He looks at her, like he did in the hut on Ach-To, as he did on Exegol. “Ah…” like she has spoken the only truth about herself that she is certain of right now, the only one he has an answer to. “You do.” Soft and certain.

“Ben,” she says, finally looking up. The glass is fogging and he’s fading out of focus on the other side. “I want you to know,” she says. “I was…” her voice breaks and she looks down at the ground, at the sweater tangled in her hands. “If I fail,” she whispers. “I will tell everyone the story of Ben Solo.” She looks up and he’s all but gone, fading back into the dark. “I promise.”

It’s the only promise she knows that she can make. When she looks up again, she is no longer in the cave. She is on the grassy surface of Ach-To, away from the powerful darkness that lives in the cave, that powerful darkness that had so frightened Luke and had so called to her.

But something about it felt…different, a darkness not made of the same stuff as Palpatine, but a darkness that looked and moved more like a shadow, revealing fear and weakness and want. A darkness that only grows when curiosity is replaced by fear and revulsion.

She breathes in the chilly air and stands once more.

To the final place of her mission, where all the pieces must be gathered.

She had seen it in the mask, seen it in her dreams, the place where the first wound was dealt, where the first die was cast that changed the fate of every Skywalker that would come after.

The place where the first healing must take place.

###

Ben doesn’t quite make it to the gate. He’s almost there. He can see it, looming in the clouded distance. He will rip it down with his own hands if it means getting back to her. He will climb and fall and climb a million times to return to her.

But he stops, all the same.

He freezes only a short walk away from the gate.

He freezes, and then, surprising himself, he laughs. He laughs hard and heaving. He bends over at the waist and laughs until he cries. Because it’s all so ridiculous.

He hates himself. He berates himself about why he fails at everything he does. He failed at being good. He failed at being bad. And now he is about to fail at getting out of here. He looks up at the sky, at the putrid, diseased realm he finds himself in.

“Dammit, Solo,” he mutters to himself. He’s not a hero. He’s not. So why the Kriff is he turning around, and running, as idiotically as he had into Exegol, back toward the Citadel.
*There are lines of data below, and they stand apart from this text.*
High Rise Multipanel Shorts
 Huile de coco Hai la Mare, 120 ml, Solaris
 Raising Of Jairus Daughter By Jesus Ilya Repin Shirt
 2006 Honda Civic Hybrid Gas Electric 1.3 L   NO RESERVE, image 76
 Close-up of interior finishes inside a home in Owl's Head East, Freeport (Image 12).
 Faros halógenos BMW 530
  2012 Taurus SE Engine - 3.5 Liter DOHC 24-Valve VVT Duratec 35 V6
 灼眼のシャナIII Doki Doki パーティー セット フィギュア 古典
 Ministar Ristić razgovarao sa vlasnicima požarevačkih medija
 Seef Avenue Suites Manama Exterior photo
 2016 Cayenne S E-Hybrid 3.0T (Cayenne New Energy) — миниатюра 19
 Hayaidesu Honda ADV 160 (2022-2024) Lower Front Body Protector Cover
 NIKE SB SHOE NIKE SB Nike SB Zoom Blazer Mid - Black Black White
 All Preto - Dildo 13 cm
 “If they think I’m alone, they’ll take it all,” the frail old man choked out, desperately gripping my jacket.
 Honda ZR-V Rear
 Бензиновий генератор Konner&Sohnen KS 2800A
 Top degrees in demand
It seems he has never been good at doing anything half-way, even failing.


	10. All Who Loved Him

**Summary for the Chapter:**

> Rey goes to Tattoine. Ben goes to the Citadel.

It’s a terrible planet, is the first thing Rey thinks as the Falcon touches down on Tatooine. It’s a hot, almost abandoned wasteland, a planet filled with wickedness, and oppression, and death. Anakin was enslaved here, he lost his mother here, he began his descent into darkness and revenge here, Luke’s family was murdered here, and…

It’s all so much.

And it’s why she is certain this is where she must bring all the pieces together. It’s where everything went wrong and where everything must be made right.

The most wicked of pasts can still be redeemed in the future- as long as she isn’t too afraid to face it. So she does. She looks at the sweater clutched in her lap still and almost makes a move to pull it on, over her own head, but she stops as she looks out at the sprawling, wasteland of sand. She places it, lovingly in the co-pilot seat of the Falcon. It was already holding on by a thread and traipsing around a desert planet would not help it, and she didn’t want it to get all sandy.

No one likes sand.

She descends the ramp and steps out on the planet, at the small home where Luke had once lived. She breathes in and despite it all, despite the pain and suffering that had unfolded on this planet, she can feel that it is not without hope, and certainly not without love.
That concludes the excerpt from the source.